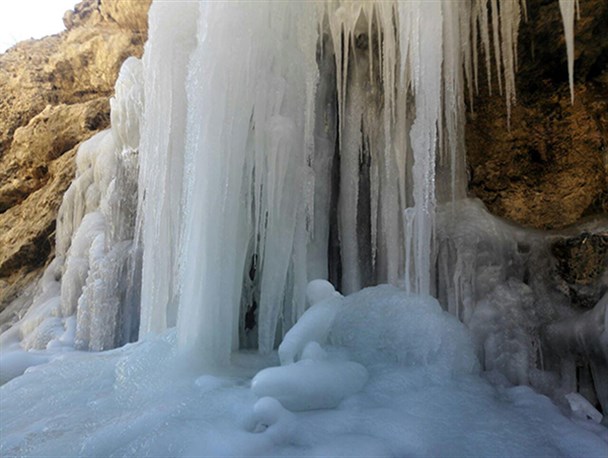 یخ زدن آب آبشار مارگون در زمستان، آبشار مارگون، روستای مارگون، سپیدان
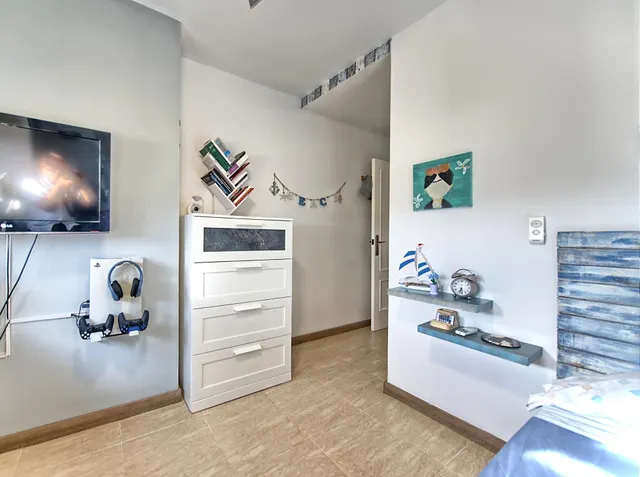 PISO CON VISTAS! TERRAZA INCREIBLE. 3 HB, PLAZA DE GARAJE y TRASTERO. — 21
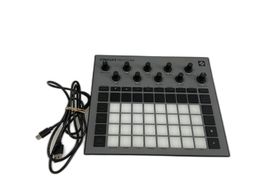 controlador midi novation circuit rhythm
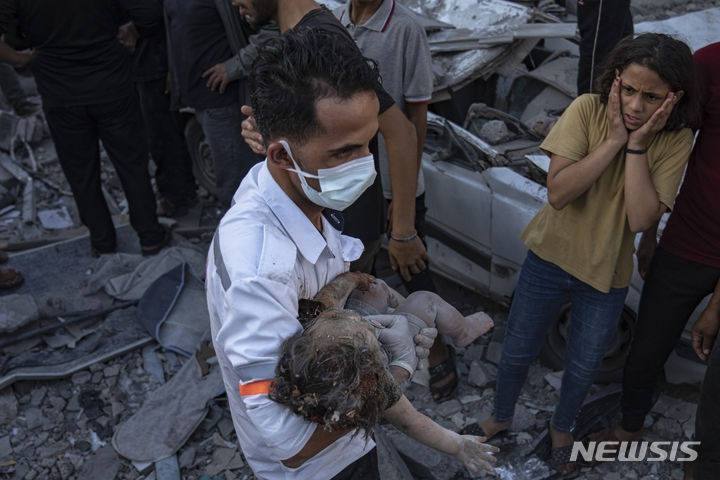 [칸유니스= AP/뉴시스] 가자지구의 이스라엘군 공습으로 폐허에 묻혔던&nbsp; 아기의 시신을 보고 놀라는 팔레스타인 소녀. 2023. 12.20.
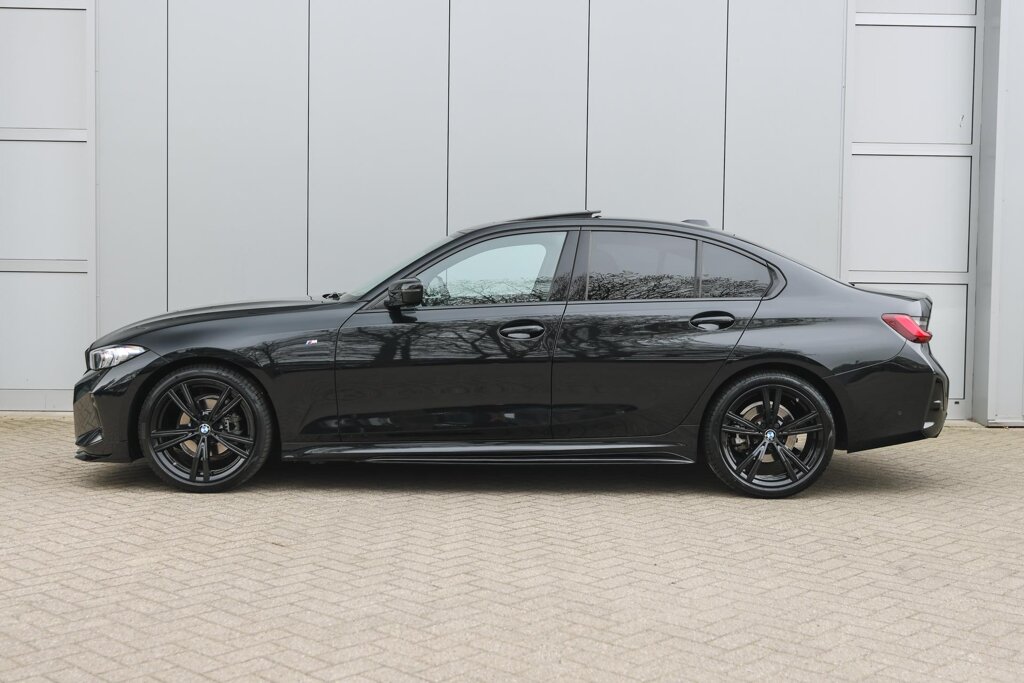 BMW 3 Serie 8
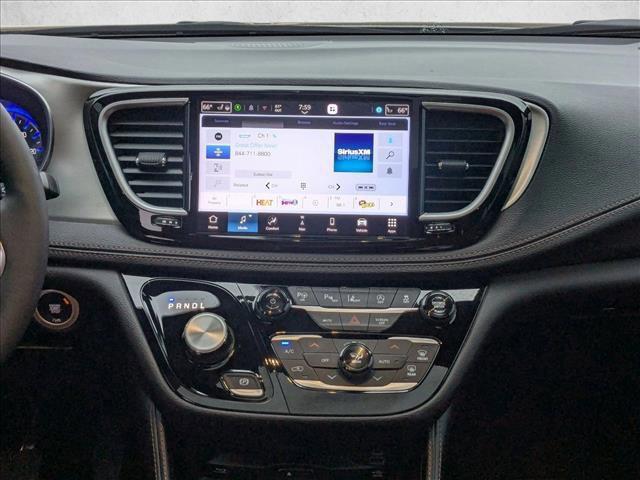 used 2025 Chrysler Pacifica car, priced at $41,495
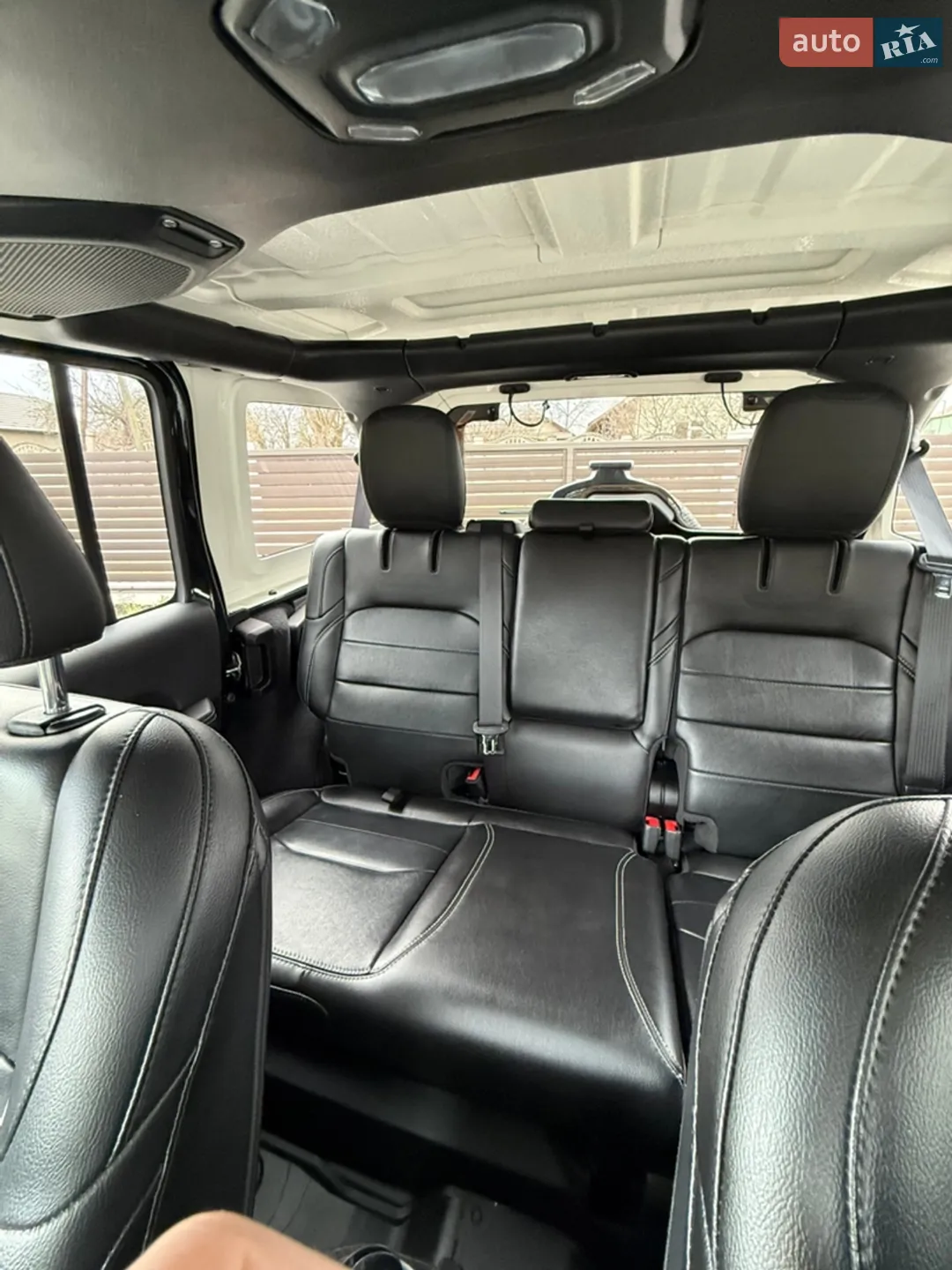 2021 Jeep Wrangler - мініатюра 24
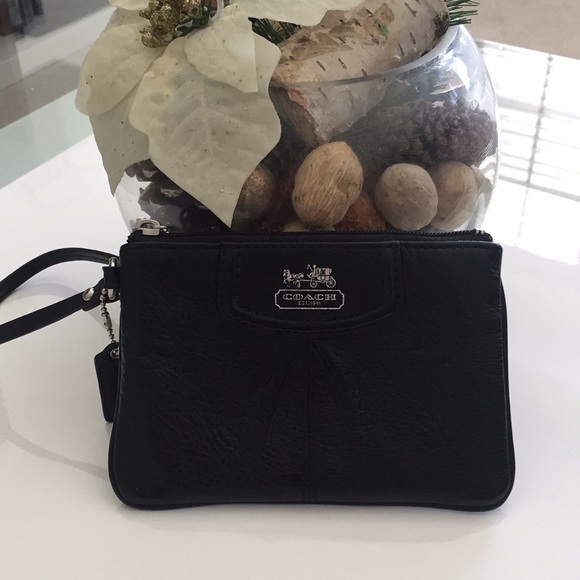 No longer reach for this little baby. - Picture 2 of 6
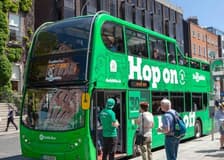 DoDublin: Hop-On Hop-Off Bus Tour + Live Guide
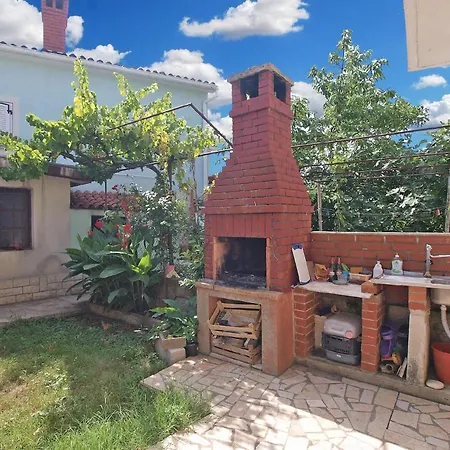 Fuer 3 Personen Ca 40 Qm In Premantura, Istrien Istrische Riviera *
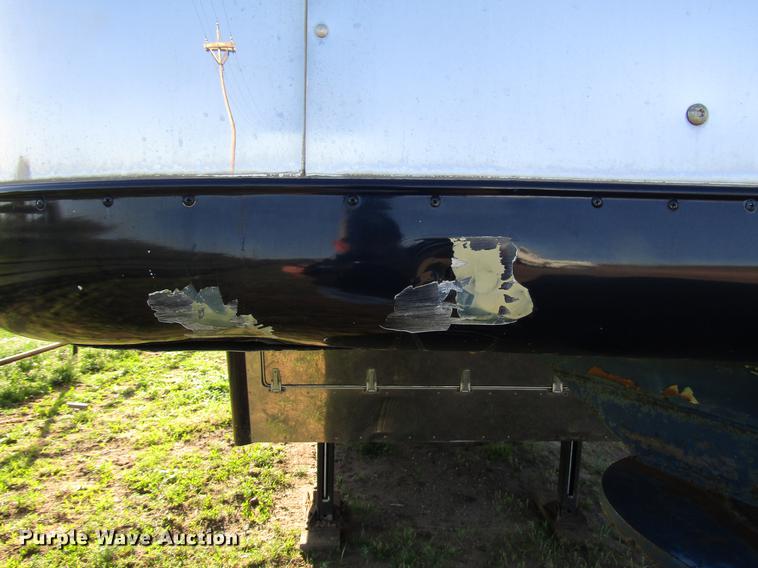 image for item DG1220 2000 Sooner horse trailer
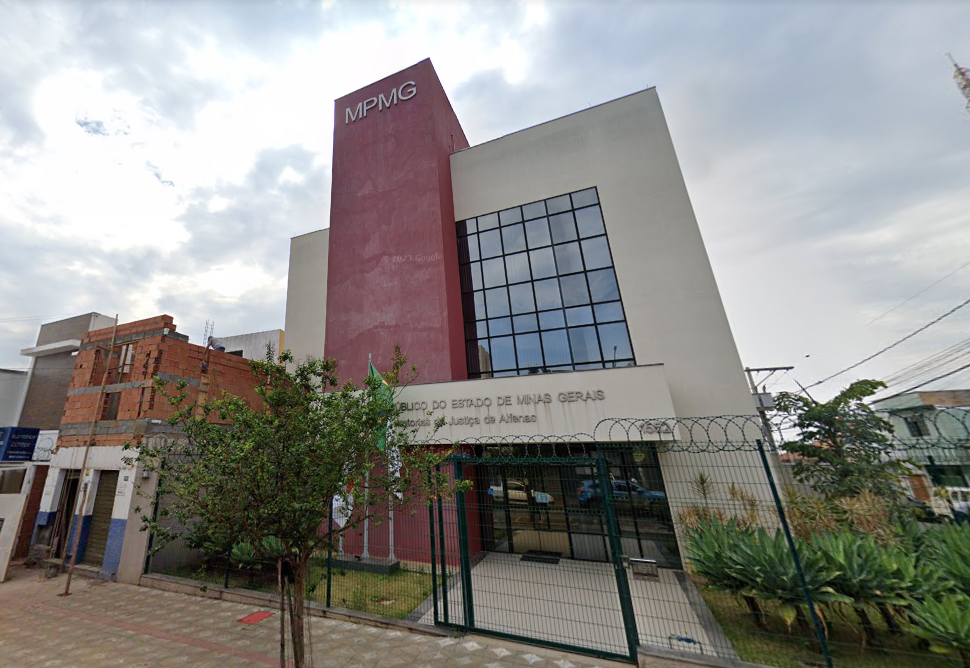 Homem é condenado a 20 anos por tentativa de feminicídio em Alfenas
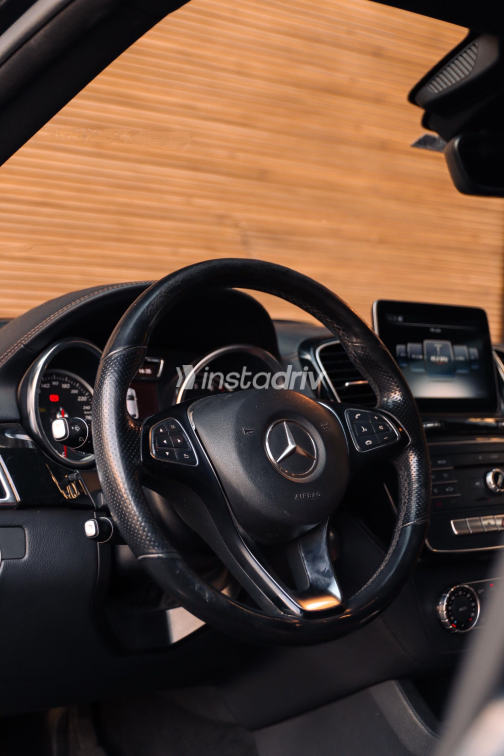Mercedes GLA 200 2018 Black Used for Sale - 3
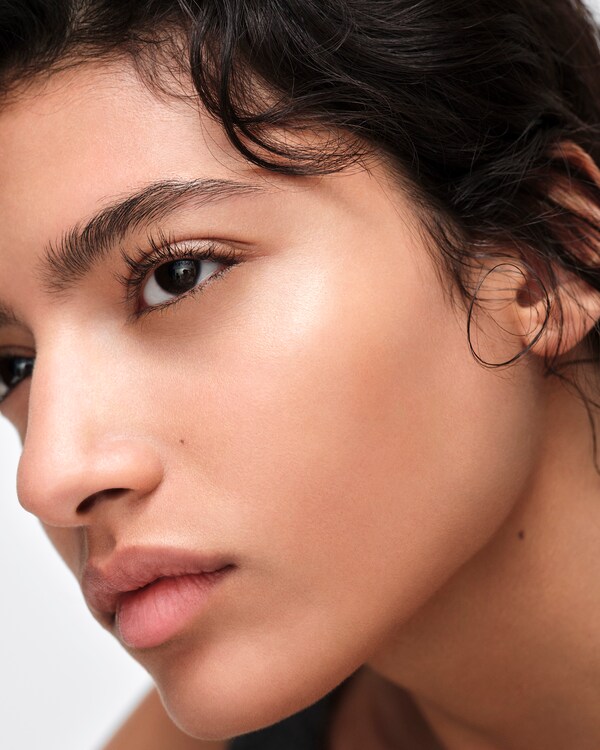 Prada Refine Blurring Extending Primer  Prada Refine Blurring Extending Primer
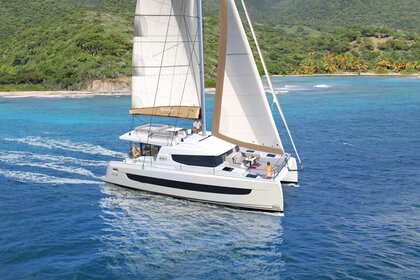 Charter Catamaran Catana Group Bali 4.4 - 4 + 1 cab. Alimos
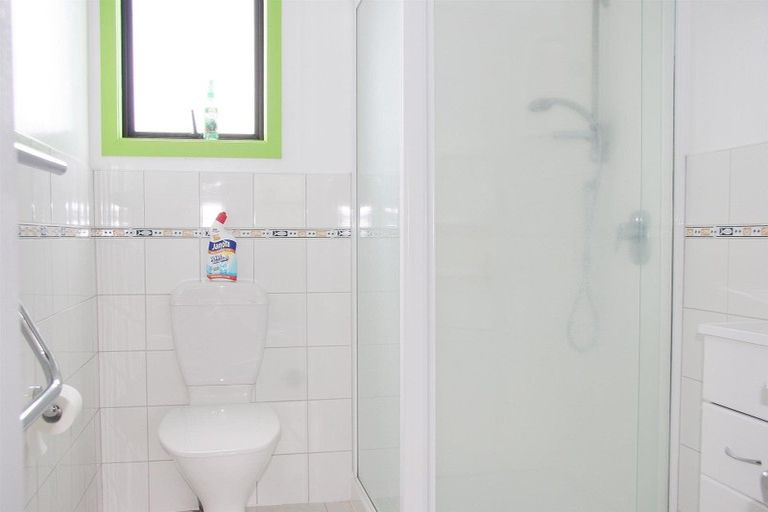 Photo of property in 117 Everitt Crescent, Whangamata, 3620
☆ ☆ ☆
§ GOAL OF THE EXERCISE
Print exactly the lines running from the start of the entries above to the line with "controlador midi novation circuit rhythm", both included; leave out any pictures.

§ SOLUTION FOR THIS PROBLEM
 یخ زدن آب آبشار مارگون در زمستان، آبشار مارگون، روستای مارگون، سپیدان
 PISO CON VISTAS! TERRAZA INCREIBLE. 3 HB, PLAZA DE GARAJE y TRASTERO. — 21
 controlador midi novation circuit rhythm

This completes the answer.